Once the line with "Load image into" is found in the data, output it and each following line exactly, up to and including the line with "Printed Tie Neck", and nothing before or after.

- ENTRIES PROVIDED:
·····
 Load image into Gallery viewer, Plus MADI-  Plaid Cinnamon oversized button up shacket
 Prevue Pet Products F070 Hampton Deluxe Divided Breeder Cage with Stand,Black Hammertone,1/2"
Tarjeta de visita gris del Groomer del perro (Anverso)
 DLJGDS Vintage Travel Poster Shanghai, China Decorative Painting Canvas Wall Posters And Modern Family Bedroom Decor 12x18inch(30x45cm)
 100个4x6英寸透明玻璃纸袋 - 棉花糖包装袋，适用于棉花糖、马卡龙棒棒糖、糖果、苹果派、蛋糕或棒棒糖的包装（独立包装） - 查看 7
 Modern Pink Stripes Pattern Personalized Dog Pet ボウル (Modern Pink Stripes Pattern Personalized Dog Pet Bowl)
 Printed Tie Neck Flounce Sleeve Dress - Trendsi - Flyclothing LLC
·····
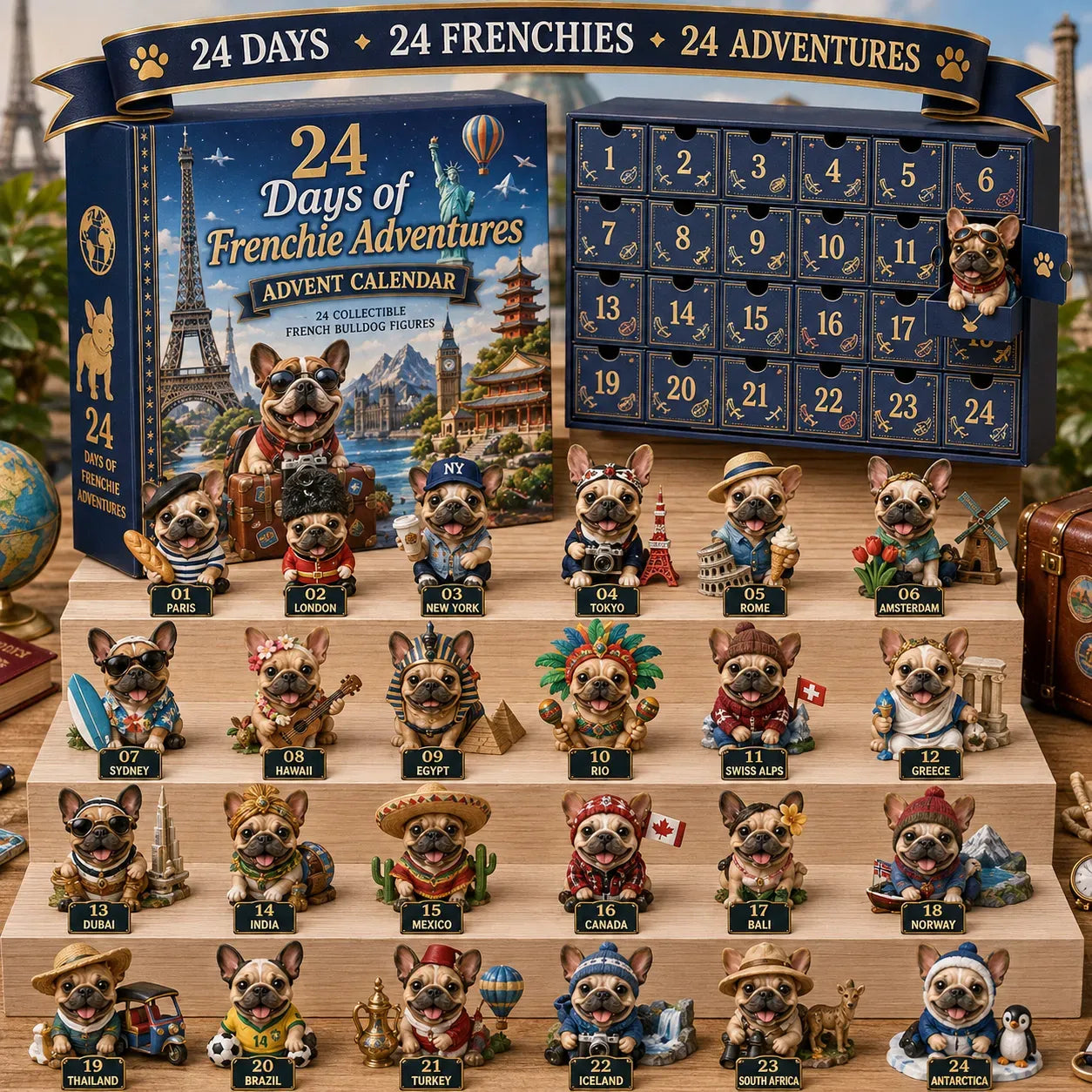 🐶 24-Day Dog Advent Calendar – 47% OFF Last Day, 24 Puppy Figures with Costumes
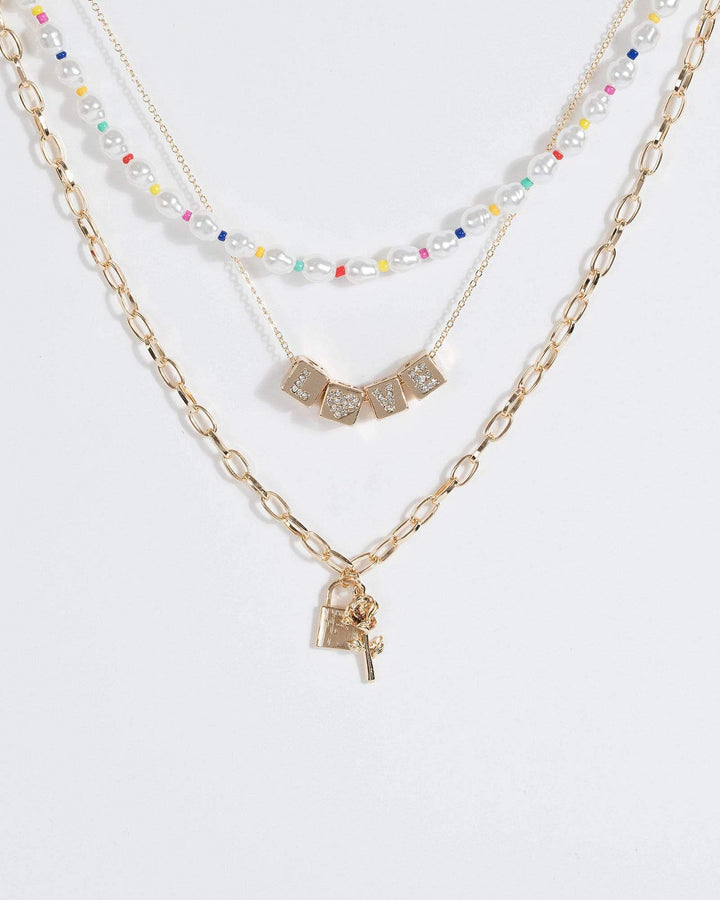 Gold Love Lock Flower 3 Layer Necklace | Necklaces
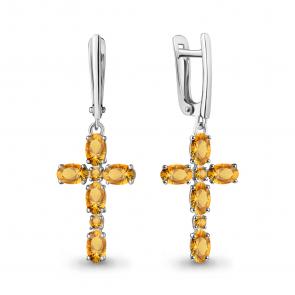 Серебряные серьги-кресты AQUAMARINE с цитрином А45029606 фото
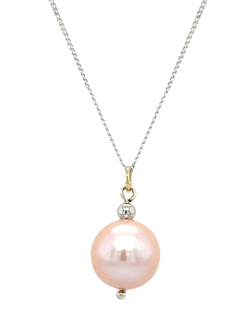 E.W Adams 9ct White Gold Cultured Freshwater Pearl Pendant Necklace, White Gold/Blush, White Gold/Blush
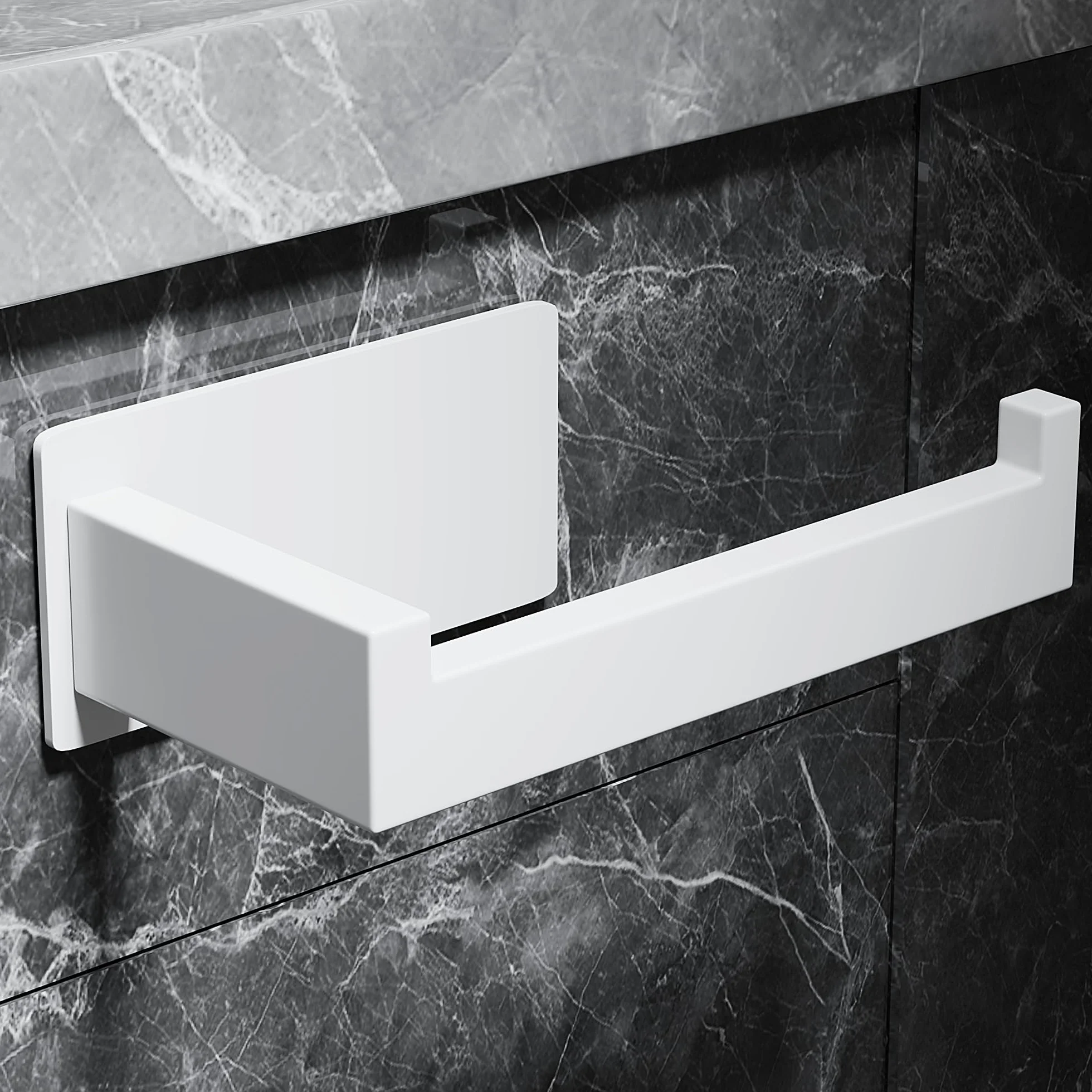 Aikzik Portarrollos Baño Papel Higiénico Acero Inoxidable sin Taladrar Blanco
·····
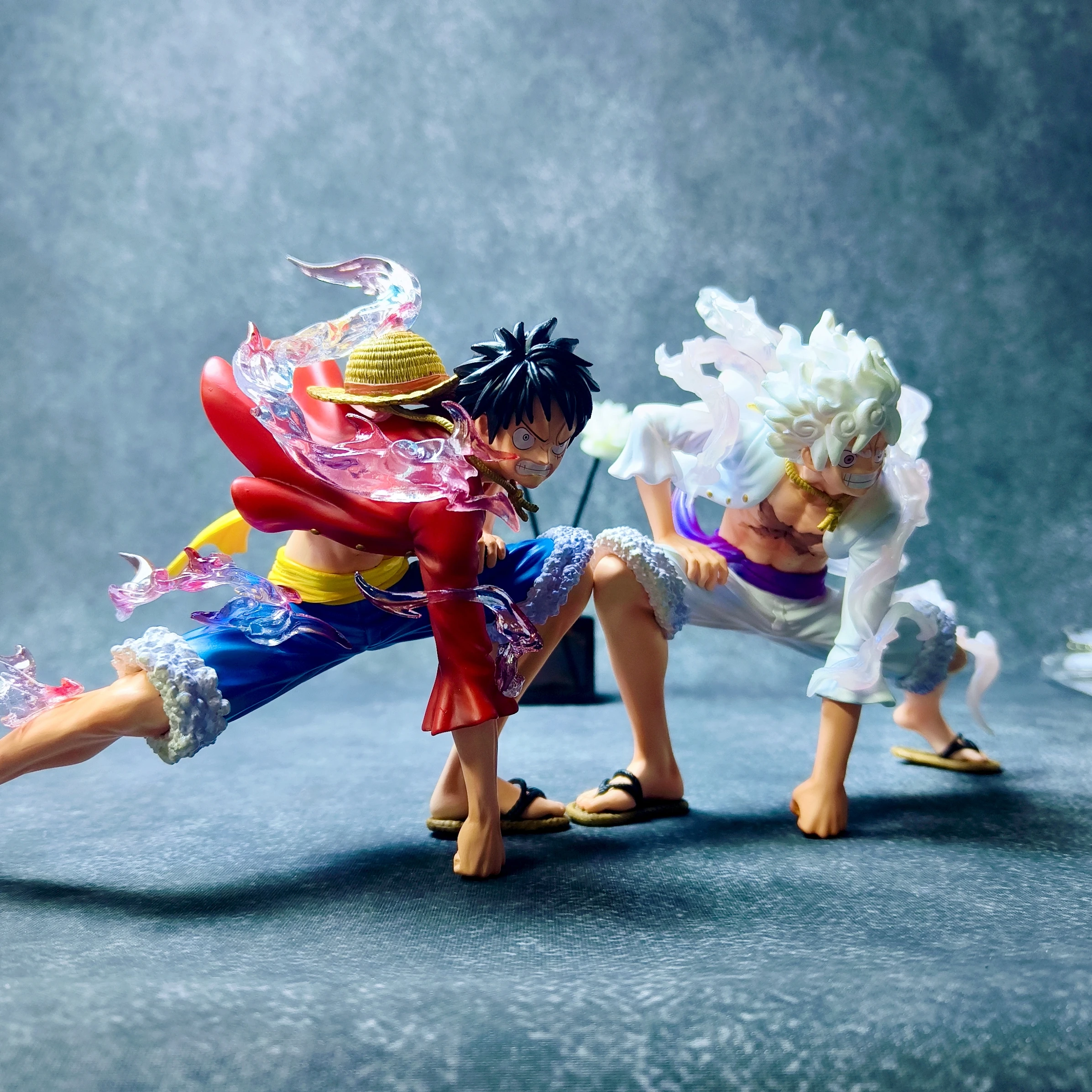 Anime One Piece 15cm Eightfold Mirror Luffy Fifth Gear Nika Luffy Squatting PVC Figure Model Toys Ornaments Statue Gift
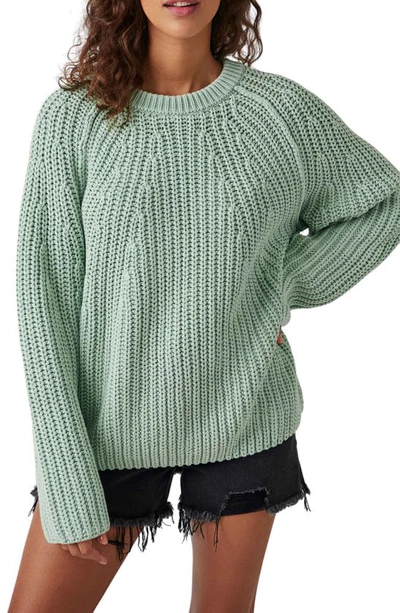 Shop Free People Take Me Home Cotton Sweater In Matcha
·····
- EXPECTED ANSWER:
 Load image into Gallery viewer, Plus MADI-  Plaid Cinnamon oversized button up shacket
 Prevue Pet Products F070 Hampton Deluxe Divided Breeder Cage with Stand,Black Hammertone,1/2"
Tarjeta de visita gris del Groomer del perro (Anverso)
 DLJGDS Vintage Travel Poster Shanghai, China Decorative Painting Canvas Wall Posters And Modern Family Bedroom Decor 12x18inch(30x45cm)
 100个4x6英寸透明玻璃纸袋 - 棉花糖包装袋，适用于棉花糖、马卡龙棒棒糖、糖果、苹果派、蛋糕或棒棒糖的包装（独立包装） - 查看 7
 Modern Pink Stripes Pattern Personalized Dog Pet ボウル (Modern Pink Stripes Pattern Personalized Dog Pet Bowl)
 Printed Tie Neck Flounce Sleeve Dress - Trendsi - Flyclothing LLC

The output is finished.